<<<<

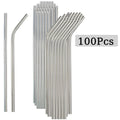 Axyaa Stainless Steel Drinking Straws - Pack of 100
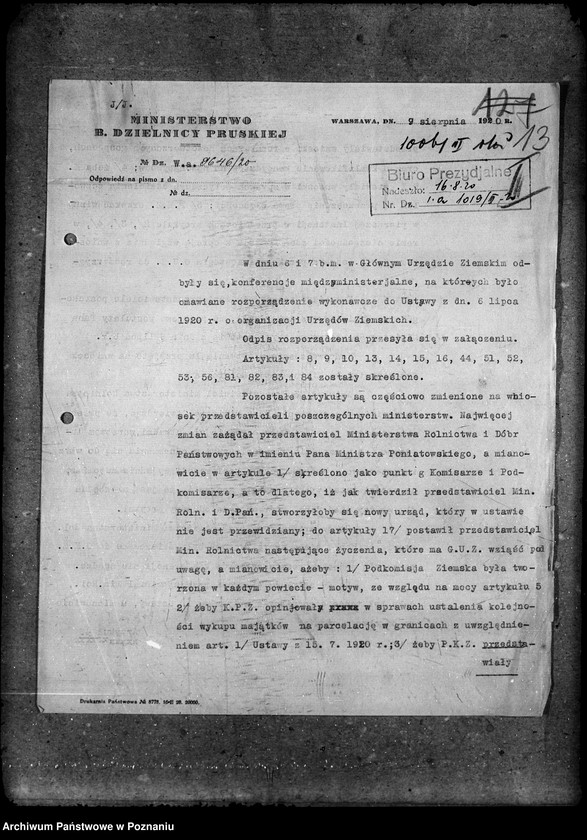 Obraz 17 z jednostki "Główny Urząd Ziemski w Warszawie Akta Biura Prezydialnego"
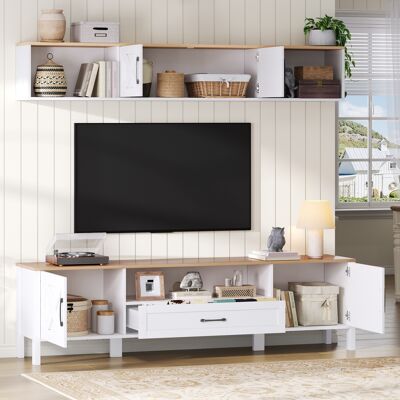 LEMONBEST Ensemble Tv Mural 2 Pièces Avec Meuble Tv Et Vitrine Suspendue, 4 Portes Et 1 Tiroir, 180 X 40 X 50 Cm, Mdf, Blanc - Publicité LEMONBEST Ensemble Tv Mural 2 Pièces Avec Meuble Tv Et Vitrine Suspendue, 4 Portes Et 1 Tiroir, 180 X 40 X 50 Cm, Mdf, Blanc - Publicité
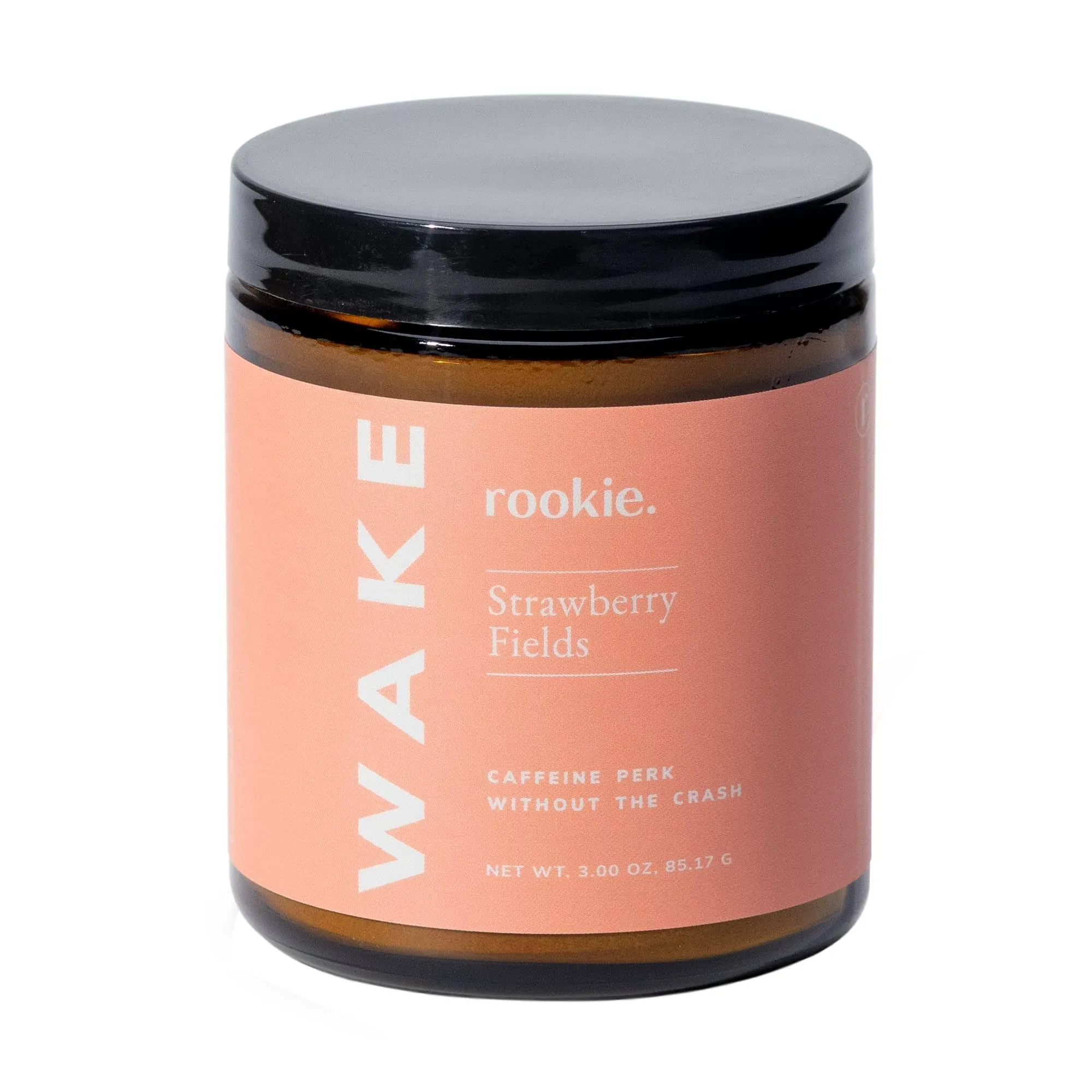 Rookie Wellness | Wake | Energy and Metabolism Supplement Jar / 30 Servings / Strawberry Fields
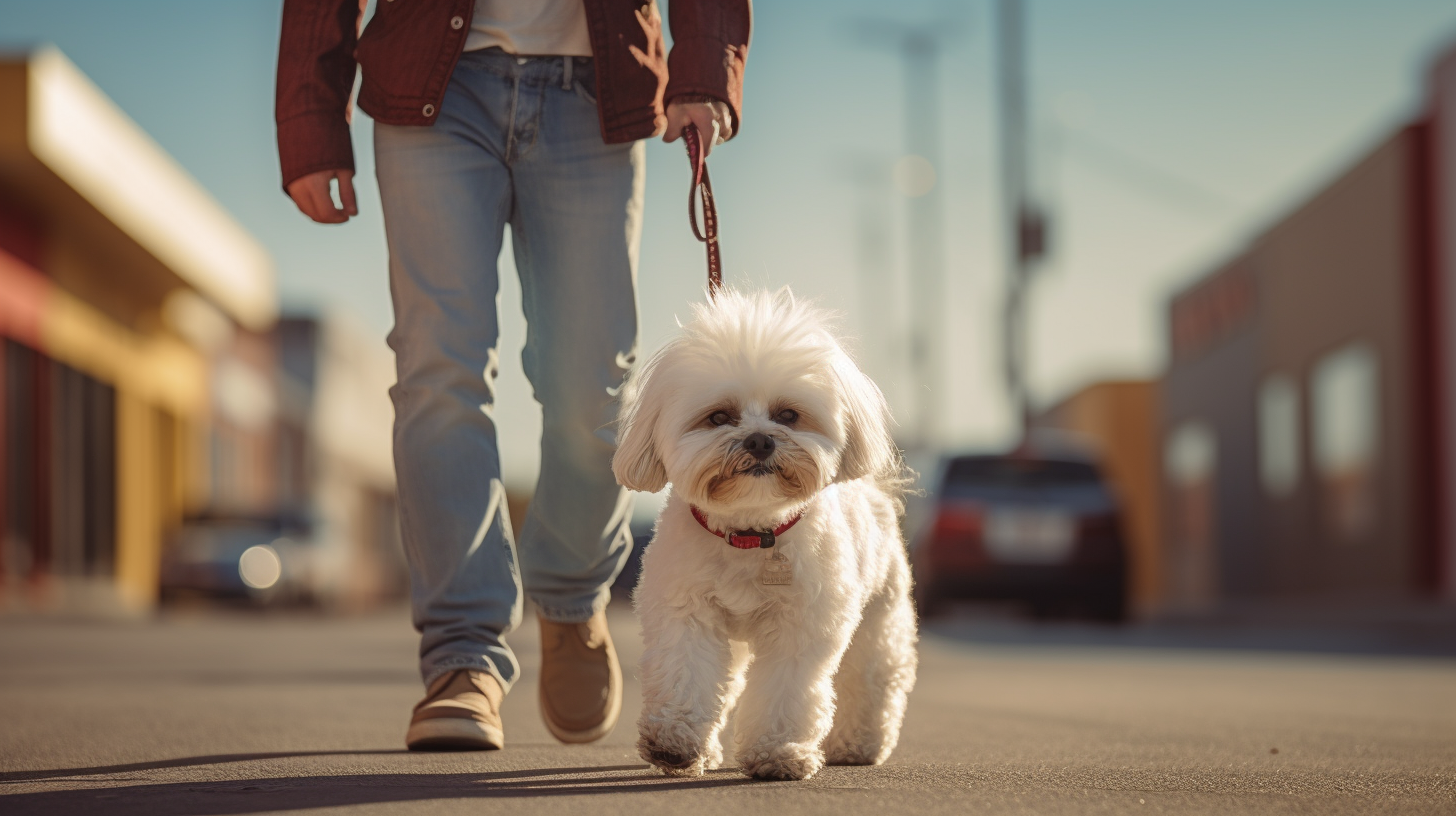 Jason Laflore walking a Maltipoo down the street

>>>>

### EXERCISE
Would you repeat the entries exactly, but with no pictures?

### ANSWER SECTION
 Axyaa Stainless Steel Drinking Straws - Pack of 100
 Obraz 17 z jednostki "Główny Urząd Ziemski w Warszawie Akta Biura Prezydialnego"
 LEMONBEST Ensemble Tv Mural 2 Pièces Avec Meuble Tv Et Vitrine Suspendue, 4 Portes Et 1 Tiroir, 180 X 40 X 50 Cm, Mdf, Blanc - Publicité LEMONBEST Ensemble Tv Mural 2 Pièces Avec Meuble Tv Et Vitrine Suspendue, 4 Portes Et 1 Tiroir, 180 X 40 X 50 Cm, Mdf, Blanc - Publicité
 Rookie Wellness | Wake | Energy and Metabolism Supplement Jar / 30 Servings / Strawberry Fields
 Jason Laflore walking a Maltipoo down the street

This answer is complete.